Our devices are made of inorganic semiconductors, semiconductor quantum structures, and organic materials. Planar and layered structures are fabricated and measured using in-plane transport as well as tunneling across heterostructures.

Spin injection

Spin injection from a ferromagnetic metal into a semiconductor can be achieved by electrical transport across a tunneling barrier or a Schottky contact. The role of a tunneling barrier is twofold.

1. It serves as a buffer layer and hence prevents chemical reactions between metal and semiconductor layers.

2. It provides a means to match energy levels for efficient spin-injection efficiency.

Studies of spin-injection from the ferromagnetic tip of a scanning tunneling microscope allows us to spatially and energetically resolve the injection efficiency. An alternative approach to spin injection is to use optical selection rules, which relate the helicity of photons with the spin-orientation of conductance-band electrons.


For device operation, spin has to be transported between two contacts without losing its polarization. With this respect, the coherence time and the related spin coherence length are relevant.


Typically, spin is manipulated by exposing it to a magnetic field. Magnetic fields can be generated and controlled externally or in the device itself in the form of an effective magnetic field originating from hyperfine interaction with polarized nuclei, effective g-factors or spin-orbit interaction (Dresselhaus and Rashba fields).
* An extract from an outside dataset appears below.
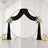 Elegant wedding backdrop with black drapery, gold circle arch, and white florals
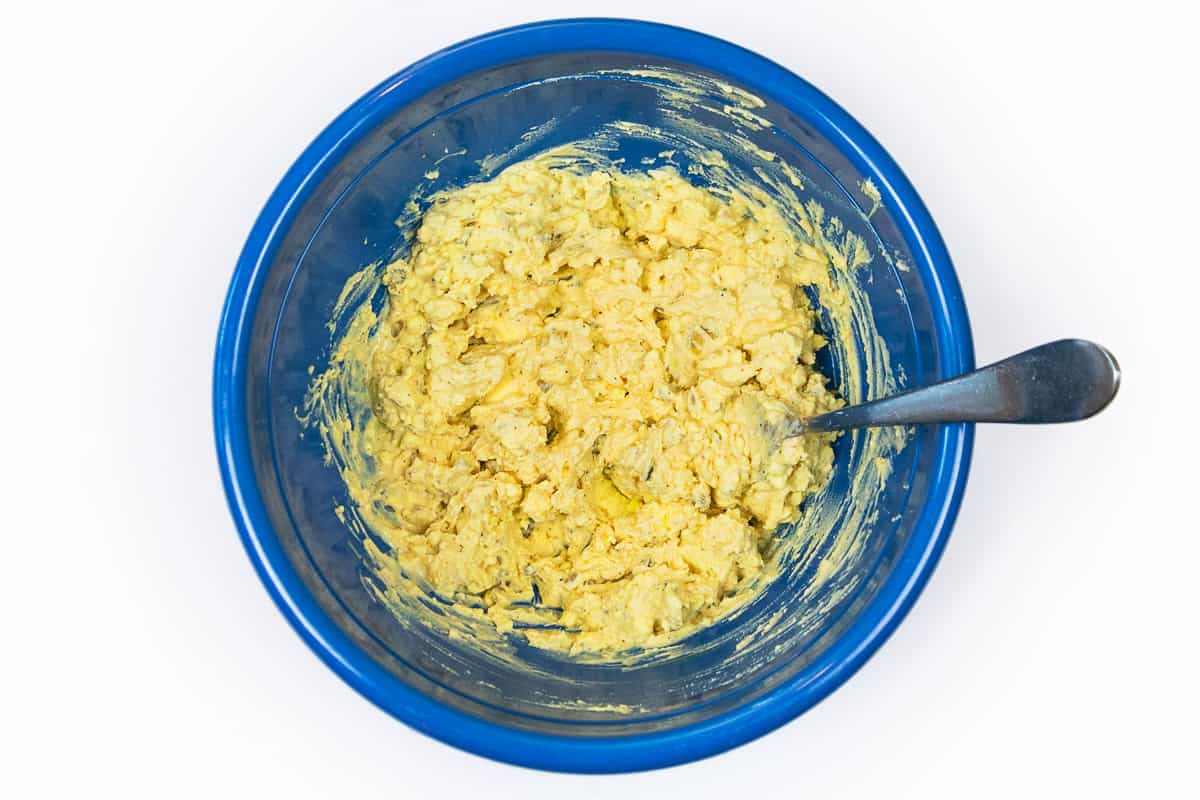 The yellow egg yolks and mayonnaise mixture are thoroughly mixed in a bowl.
Various techniques are used to detect spin-polarized charge carriers. Owing to optical selection rules, the electroluminescence is polarized according to the spin-polarization of the recombining charges. Kerr and Faraday rotation measurements on semiconductors allow detecting spin polarization with sub-picosecond time resolution. Ultimately, device operation has to rely on electrical detection of spin polarization using spin-filtering at the interface to a ferromagnetic metal.